Greta Schödl studierte an der Angewandten in Wien, wo sie 1953 abschloss. 1959 übersiedelte sie nach Italien und nahm nach einer familiär bedingten Unterbrechung ihrer künstlerische Tätigkeit Mitte der 1960er-Jahre wieder auf. Schödl etablierte sich im Bereich der “Visual Poetry”, ihre Arbeit umfasst Buchstaben und Symbole, die “zwanghaft wiederholt werden, bis sie abstrakt werden”, wie es auf der Website der Galerie Richard Saltoun heißt. Zuletzt waren ihre Arbeiten u.a. in der Ausstellung “Poesia Visiva” im Museo di arte moderna e contemporanea di Trento zu sehen. Die in den vergangenen Jahren wiederentdeckte 94-Jährige war schon einmal auf der Biennale von Venedig vertreten: 1978 im italienischen Pavillon.
Susanne Wenger, geboren am 4. Juli 1915 in Graz, studierte in Wien unter anderem bei Arnold Boeckl. 1949 übersiedelte sie zunächst nach Paris und kam Anfang der 1950er-Jahre zu den Yoruba nach Nigeria. Dort wurde sie zur “Weißen Priesterin” und versuchte eine Verbindung von Kunst und Ritual herzustellen. Später baute sie neue Schreine, errichtete zusammen mit Künstlern und der “Priester”-Gruppe “New sacred Art” Skulpturen im heiligen Hain von Oshogbo, in einem Stück Urwald, der, ebenso wie der Fluss Oshogbo, der Göttin Oshun geweiht ist. Ihr außergewöhnliches Leben war u.a. Gegenstand von Claudia Wilkes Dokumentarfilm “Ein Leben mit den Göttern”. Laut dem Susanne Wenger-Archiv im Krems vereint die Künstlerin in ihrem Werk “große Mythen aller Zeiten zu einem Epos von Schöpfung, Tod, Opfer und Wiedergeburt”.

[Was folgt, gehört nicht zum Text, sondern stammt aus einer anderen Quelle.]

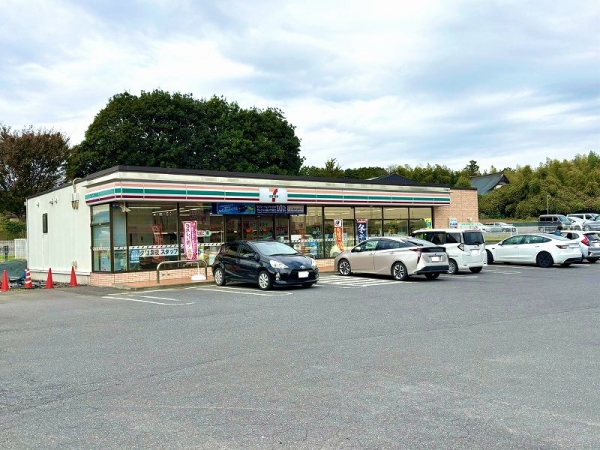 セブンイレブンつくば万博記念公園駅西店まで徒歩2分（約140ｍ）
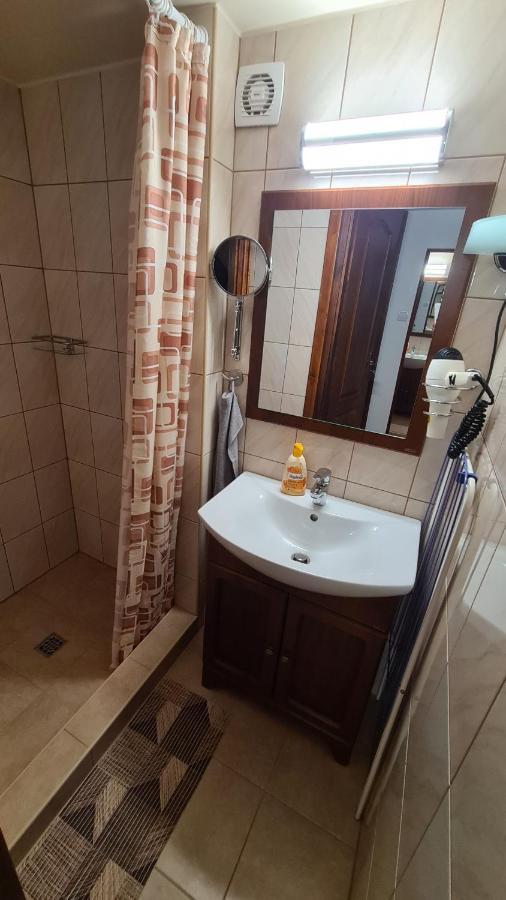Gyulai Fuerdoe Apartman Ngoại thất bức ảnh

Oliver Ressler wurde 1970 im steirischen Knittelfeld geboren und lebt und arbeitet in Wien. Mit Installationen, Arbeiten im Außenraum und Filmen bearbeitet er Themen wie Ökonomie, Demokratie, Klimawandel, Widerstandsformen und gesellschaftliche Alternativen. Er nahm an zahlreichen internationalen Ausstellungen Teil, 2017 war er etwa auf der documenta 14 vertreten. Am 1. März startet als Beitrag zur Klima Biennale Wien im Belvedere 21 seine neue Schau “Dog Days Bite Back”, bei der Arbeiten zur Klimakrise im Mittelpunkt stehen.
Den österreichischen Pavillon bespielt in diesem Jahr Anna Jermolaewa, die mit “Swan Lake” in Zusammenarbeit mit der ukrainischen Balletttänzerin und Choreografin Oksana Serheieva eine Forderung nach politischem Wandel postuliert. Bei den Länderpräsentationen gibt es heuer 90 Teilnehmer, wobei Benin, Äthiopien, Osttimor und Tansania zum ersten Mal vertreten sind. Erstmals eigene Länderpavillons bespielen diesmal Nicaragua, Panama und Senegal, die bisher in Gemeinschaftspavillons aufgetreten waren.